Having read some of her short stories and this novel, I can safely say Ms Samson is not my cup of tea. ( )
  laurenbufferd | Dec 15, 2016 |
The Kindness by Polly Samson is one of the worst books I have read this year. The book starts in 1989 with Julia married to Chris. Chris has been away working and Julia (who is twenty-nine) has been having an affair with Julian (who is twenty-one and a working on his Ph. D. in English Literature). When Chris finds out he becomes nasty and abusive. Julia is pregnant and leaves her husband for Julian.

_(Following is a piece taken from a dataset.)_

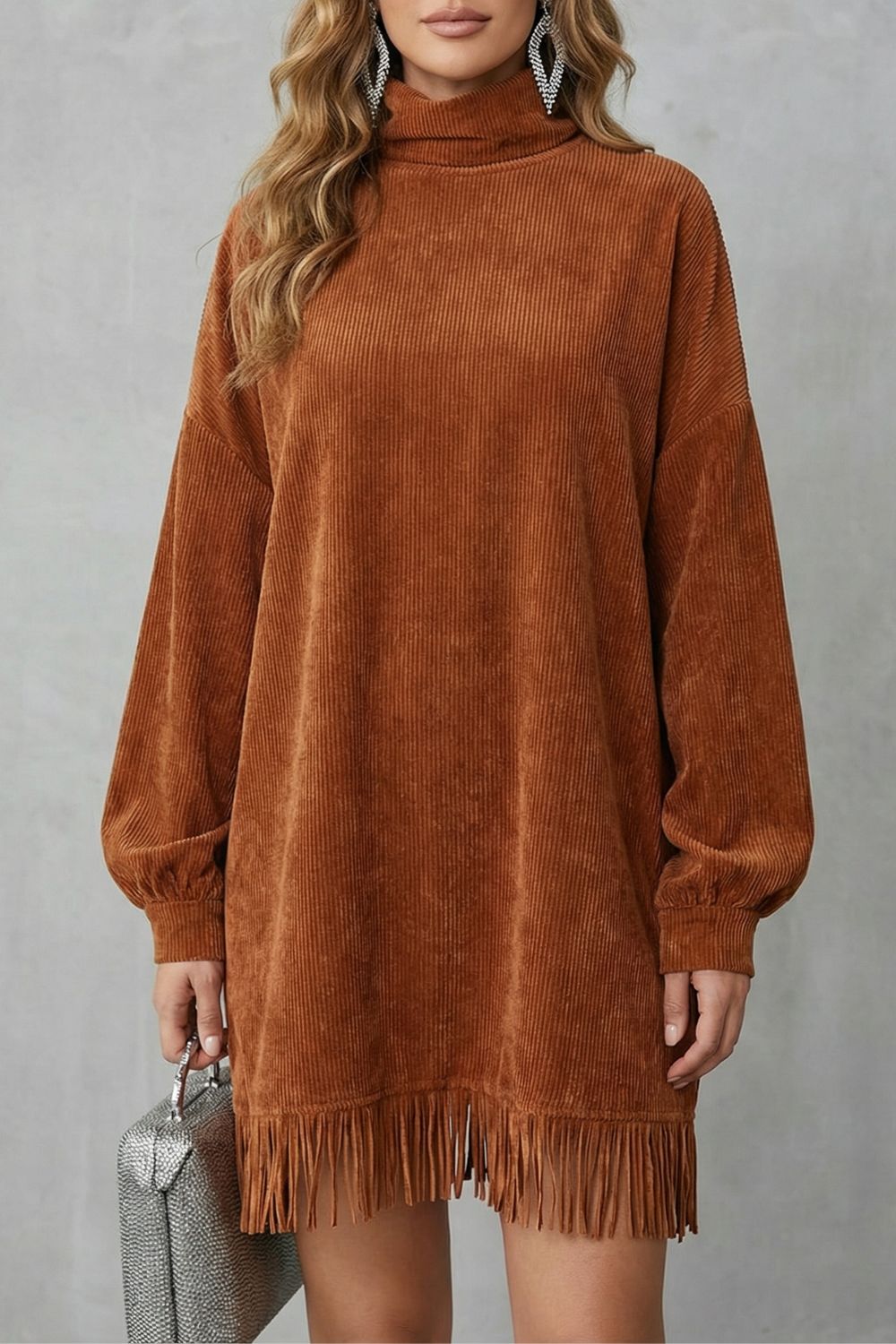 Castellaine – Fringed charm – Turtleneck mini dress-10454117777751-OLVIA ROSE LONDON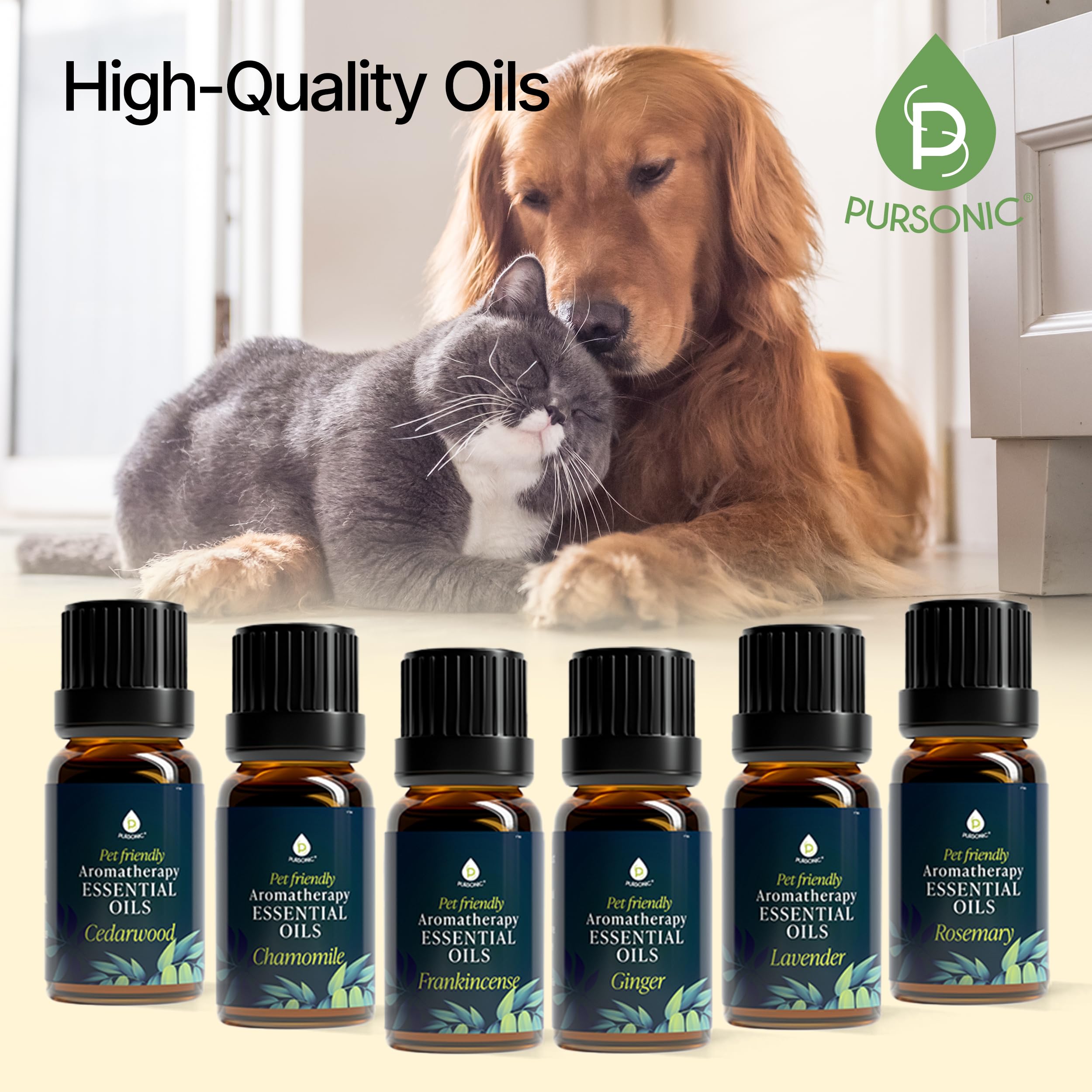 Pursonic manzanilla, aceite para mascotas, enfoque suave para minimizar tensión.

Then the book skips to 1997 and Julian is living at Firdaws. Firdaws was his childhood home and he was happy when the current occupants put it up for sale. He loved this home and was delighted to be living in it again (he does not seem to notice that Julia does not want to live in the country and prefers London). Julia had a miscarriage and it took them four years to get pregnant again. They had Mira Eliana. Mira ends up sick with a tumor. She needs cancer treatments and then surgery. During this time the two do not communicate very well (and Julia makes many incorrect assumptions). The book jumps around during this section (flashbacks) telling the story from Julian’s perspective (how they met, their friends, lack of communication during Mira’s illness). Julian is mostly drunk during this section clutching a shoe (Mira’s).

About two hundred pages later we get to Julia’s side of the story in 2002. Julia is now living in the United States with her husband (this would be her third) and two children (Mira and Ruth). We get to find out what happened between Julia and Julian (from Julia’s perspective) and the lies she told Julian (her “kindness” is very cruel). Then the book jumps to 2012 for the conclusion with Mira coming to Firdaws.

The book does not tell the story in chronological order. It jumps around so you are never quite sure what is going on. The Kindness is very choppy and confusing. I also found it to be very predictable (expected) and sluggish (like slogging through a mud pit). I give The Kindness 1 out of 5 stars (really deserves a zero). I just did not find this book enjoyable (and it really did sound good).

I received a complimentary copy of The Kindness from NetGalley in exchange for an honest review. The review and opinions expressed are my own. ( )
  Kris_Anderson | Jul 20, 2015 |
“The Kindness,” by Polly Samson, is an affecting and heartbreaking literary love story about love found and lost. The two star-stuck lovers are Julian and Julia. Although the story is told from both character’s third-person point of view, Julian is decidedly the emotional focus of the book and its main character.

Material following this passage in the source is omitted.